I researched the band, like a jazzed up teen after a first date. Looking for the tidbits to make nice on date number two. I found out that Owens was raised in a cult, Children of God. Bounced out to the States where he ditched around with punkers for a while. Settled in Cali and started working out the kinks of a band. Finding his voice. His sound. With fellow Girls founder JR White, they put out the album Album, which has its merits, but showed obvious signs of a work in progress. It’s caught more on the lo-fi side of the see-saw, rather than the middle ground that their sophomore Father, Son, Holy Ghost rests in. Still, they were able to build off their stronger tracks “Lust for Life,” (turns out it wasn’t a cover, but an original song, who knew?) and “Laura,” leaving the feedback trash of the less than average “Big Bad Mean Motherfucker,” and “Morning Light,” behind. [Note: if there weren’t so much mud to “Morning Light,” it would be a great song, lingering at points on a Joy Division darkness].
The sound is bigger on their second album. Clearer. With the addition of drummer Darren Weiss, guitarist John Anderson and keyboardist Dan Eisenberg, Girls makes the genre-shifts seamlessly.
I realized that the fact that they are influenced by so many past acts, and are able to capture four decades 50’s-90’s on one record isn’t a reason to hate them.
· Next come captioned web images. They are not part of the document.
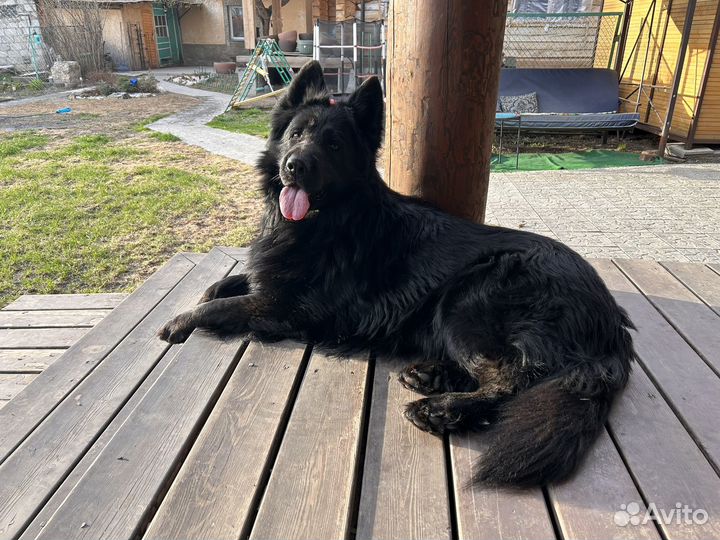 Вязка кобель немецой длинношерстной овчарки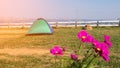 Tourist tent camp Royalty Free Stock Photo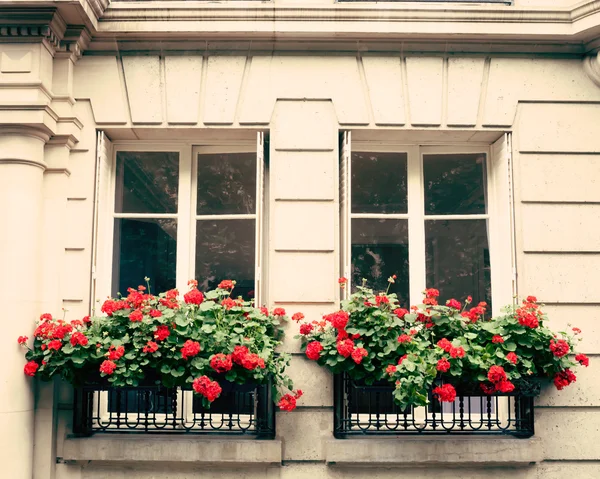 Blumen auf einem Balkon — Stockfoto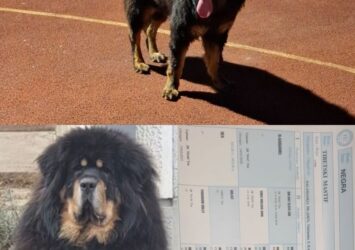 viber slika 2026 02 28 19 33 53 856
Weird, huh? More amazing, they’re able to appeal to the younger crowd without the basic elements of sex and drugs. The only lyrics landing close to real rebellion fall in Die: “No, nothings gonna be alright/ No, we’re all gonna get fucked up tonight.” And Love Like a River: “My love is like a river/ She just keeps rolling on.” Pretty tame. Pretty cutesie. Pretty alright. In the days after “Put it in my Mouth,” and the days of Brooklyn hipster bands rocking about the needle heads that no longer exist on Ludlow, successful goop rock isn’t so bad. It’s the new “old”.
So am I saying that Girls are really the cat’s meow, louder than the oncoming dog’s bark? No. Am I saying they’re the hell rakin’ act of the moment? No. I’m saying they’re a band very much worth keeping your eye on. Worth giving a chance to. And if their church comes back to town, this choir boy’ll keep to his pew the whole sermon through.